Not satisfied with the precision of their responses, they performed one more manipulation. The breathing cycle, while fairly regular, does vary; and they reasoned that duration of the breathing cycle could influence neuronal activity. To normalize this, they fit curves to both inhalation and exhalation, and then stretched time (and moved spikes) until the breaths fit a standard breathing cycle (red traces, above). When they did this, they found that both the precision and magnitude of responses were increased.

This did not sit well with me for three reasons. First, if you take the perspective of a neuron in the olfactory bulb, it means that the neuron has to somehow keep track of where it is in the breathing cycle, not in terms of time, but in terms of phase. To do this, 50ms following inhalation, a neuron has to know when the next inhalation is going to come. They're psychic! [Update: a commenter noted that the OB could receive an efference copy from brainstem respiratory centers. I am not aware of any evidence that it does, however. Which of course does not mean it does not exist.]

Second, I think that the timing of mitral cell responses is in large part dictated by the temporal dynamics of the olfactory epithelium. The olfactory epithelium, in turn, has its kinetics determined by the taus of the G-protein signaling cascade, and the concentration of odorants in the epithelium. The kinetics depend on inhalation onset and intensity, not phase.

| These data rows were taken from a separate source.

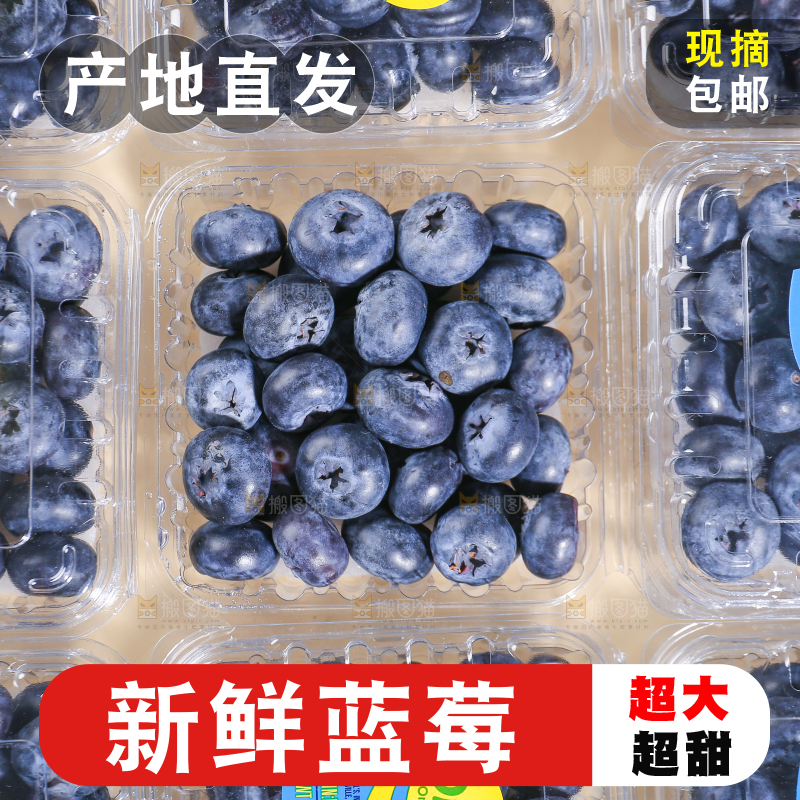 浅底上的新鲜蓝莓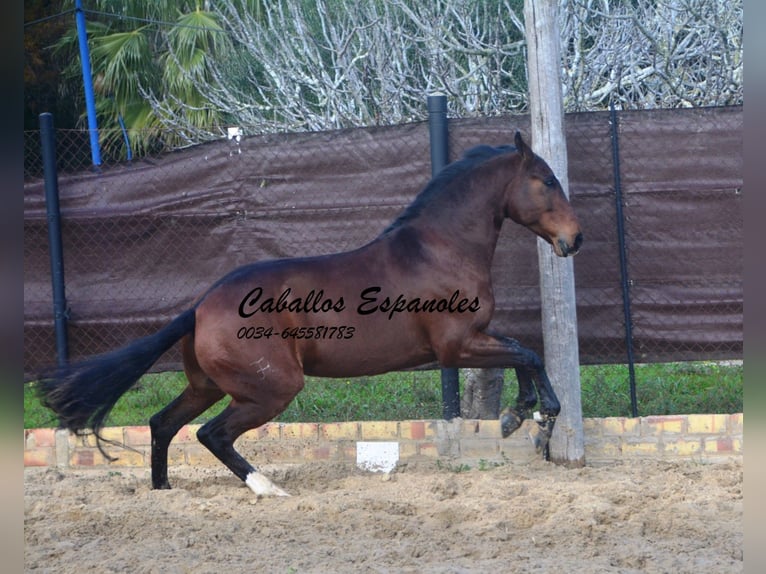 Lusitano Gelding 6 years 15,2 hh Bay-Dark in Vejer de la Frontera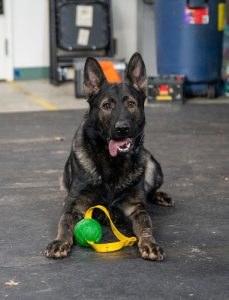 Grassroots K9 Edmonton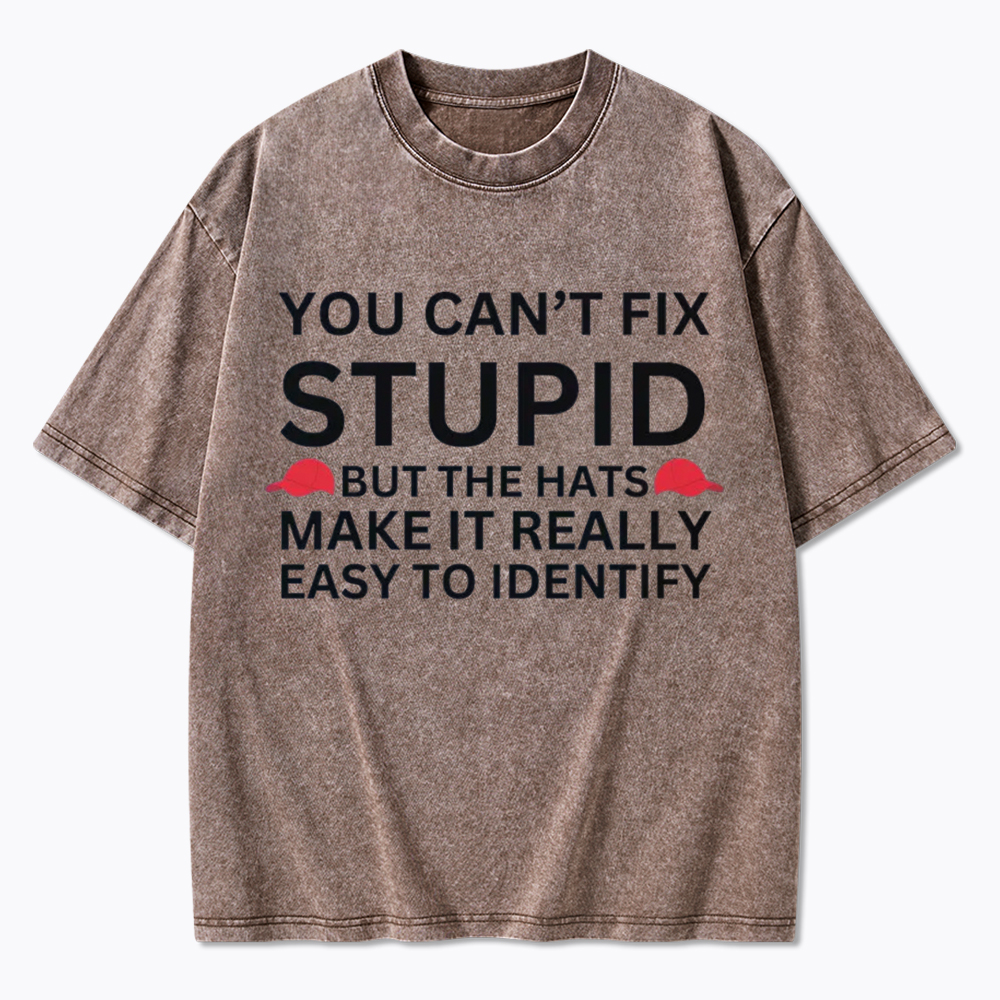 You Can't Fix Stupid Washed T-Shirt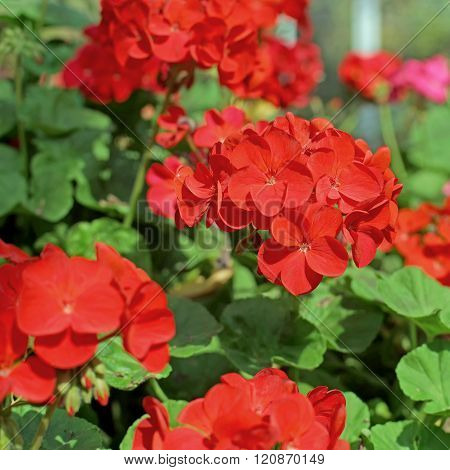 Red Plumbago Auriculata Flower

The third reason I have a problem with time-warping is that I have counter-evidence

Mitral Cell Response Timing is Independent of Breath Length


While I wait for my mice, I have been performing head-fixed recordings from the olfactory bulb of awake mice. In general, I've been getting population responses in line with what the Rinberg lab has suggested: ~50% of the odor-cell pairs in the OB differ from baseline. Like the Rinberg lab, the Carleton lab aligns responses to inhalation onset. Yet, unlike the Rinberg lab, we have not performed any time warping.

After seeing the Shusterman paper, I took a closer look at my data, to see whether time-warping makes sense. In general, respiration is regular enough that time-warping would little effect the responses. However, I found a few cases where time warping is a bad idea.

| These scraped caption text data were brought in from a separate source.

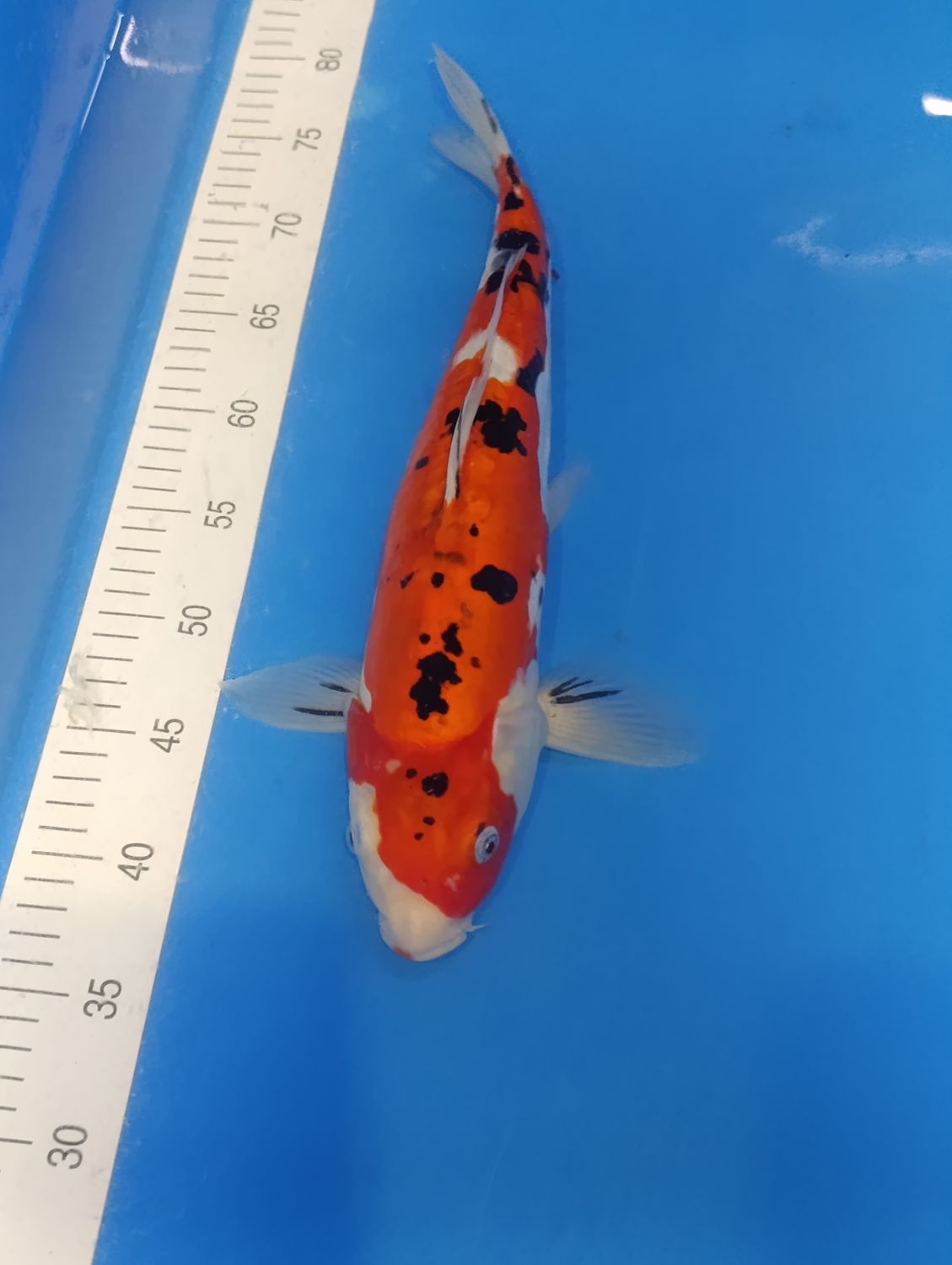 Karpie Koi Doitsu sanke 40 cm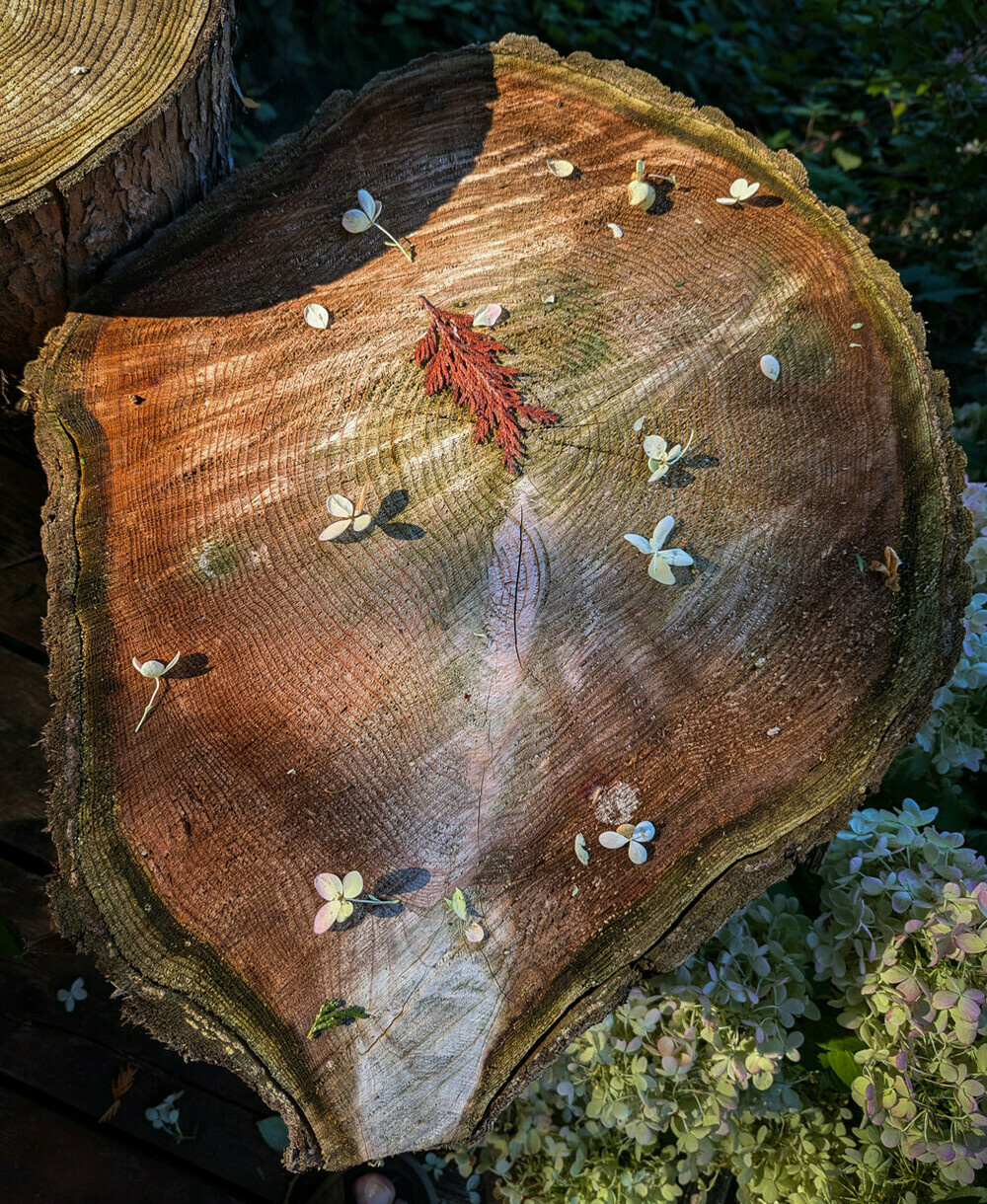 Looking own at a sawn-off section of a tree, with the grain rings visible. The tree was, at a glance, over 50 years in age. On its surface, scattered white flowers and one red piece of evergreen foliage. To the lower right, pale green vegetation. To the upper left, a quarter or so of another tree section.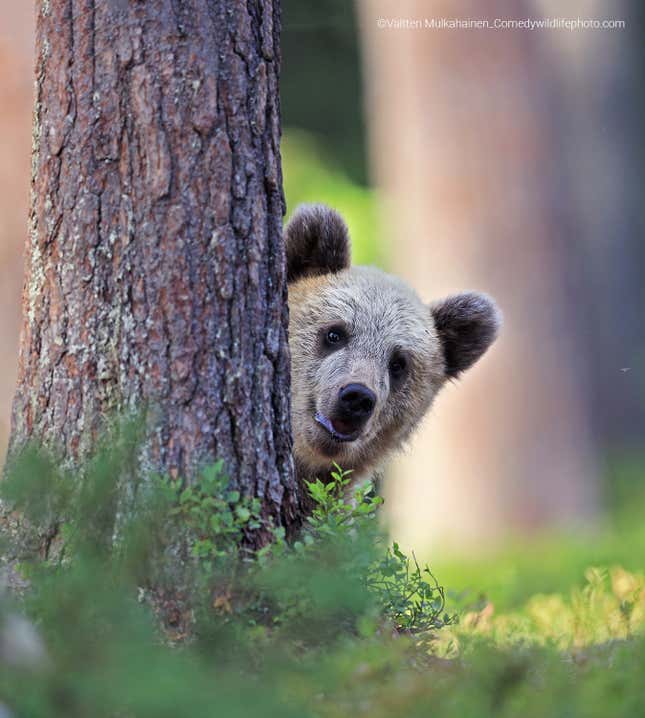 A brown bear peeks out from behind a tree.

Below is a raster plot of the firing of one neuron in response to amyl acetate at 20x dilution. I have zoomed in on the first second following odor onset. Inhalations are denoted by blue lines, while spikes are shown in black. We trigger odor delivery by waiting for an exhale, which is why the inhalation times are non-random. Following the first sniff, you can see that this neuron fires vigorously, with some delay. (I should say that this response is easily one of the highest firing rates in my data set.)
Raster plot of a neuron's response to Amyl Acetate. Amyl Acetatate began application at t=6s. Blue lines  are inhalations, black lines are spikes. Ten trials shown.
We can also align this data by moving time such that the first post-odor breaths all occur at the same time. If you do this, you can more clearly see the strong response to the odor. This response is fairly long, and has a high firing rate (>100Hz at its peak).
Same raster plot as above, except aligned to the first inhalation following  odor. Here the response is much clearer.
And now I can finally address the issue of whether time-warping is a good idea. In the example above, there are two trials with short breaths, trials 6 & 7; and two trials with long breaths, trials 8 & 10. Despite the different lengths of these breaths, both of these trials have high amplitude firing rates between 6.2 and 6.3s. If you were to time-warp these trials, you would be moving the spikes from trials 6&7 later in time, and the spikes from trials 8&10 earlier. Both manipulations would cause a decrease in precision.

This is just one extraordinary example, but it shows that time-warping can have deleterious effects on precision. In my view, if you are recording from the olfactory bulb, you should align all your responses to breath onset, and truncate your breaths to the same standard breath.

I hope you are convinced that time-warping your data is a bad idea for mitral cells in the olfactory bulb. If I've missed anything, please let me know in the comments.